Accept SIGQUIT during error recovery in auxiliary processes.

The bgwriter, checkpointer, walwriter, and walreceiver processes
claimed to allow SIGQUIT "at all times".  In reality SIGQUIT
would get re-blocked during error recovery, because we didn't
update the actual signal mask immediately, so sigsetjmp() would
save and reinstate a mask that includes SIGQUIT.

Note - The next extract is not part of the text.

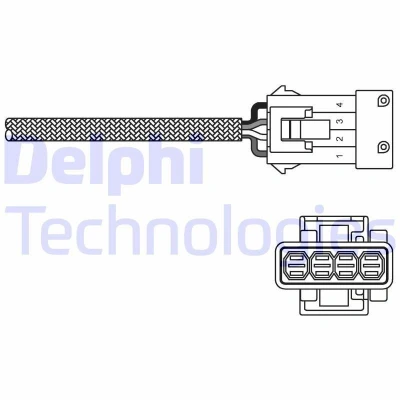 Kuva DELPHI ES20255 12B1 Lambda Anturi Planarsondi, Lämmitetty VOLVO: V70 I, C70 I Cabriolet, 850 Farmari, SAAB: 9 3 5 Sedan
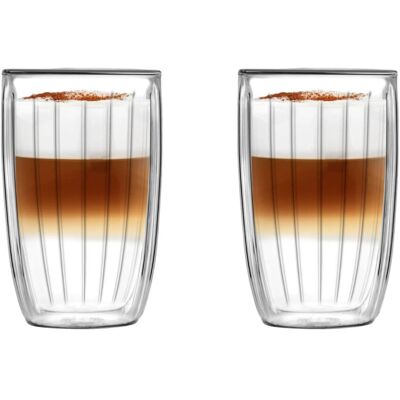 Zestaw 2 szklanek Vialli Design z podwójnymi ściankami, 350 ml Zestaw 2 szklanek Vialli Design z podwójnymi ściankami, 350 ml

This appears to be simply a coding oversight.  There's never a
good reason to hold off SIGQUIT in these processes, because it's
going to just call _exit(2) which should be safe enough, especially
since the postmaster is going to tear down shared memory afterwards.
Hence, stick in PG_SETMASK() calls to install the modified BlockSig
mask immediately.

Also try to improve the comments around sigsetjmp blocks.  Most of
them were just referencing postgres.c, which is misleading because
actually postgres.c manages the signals differently.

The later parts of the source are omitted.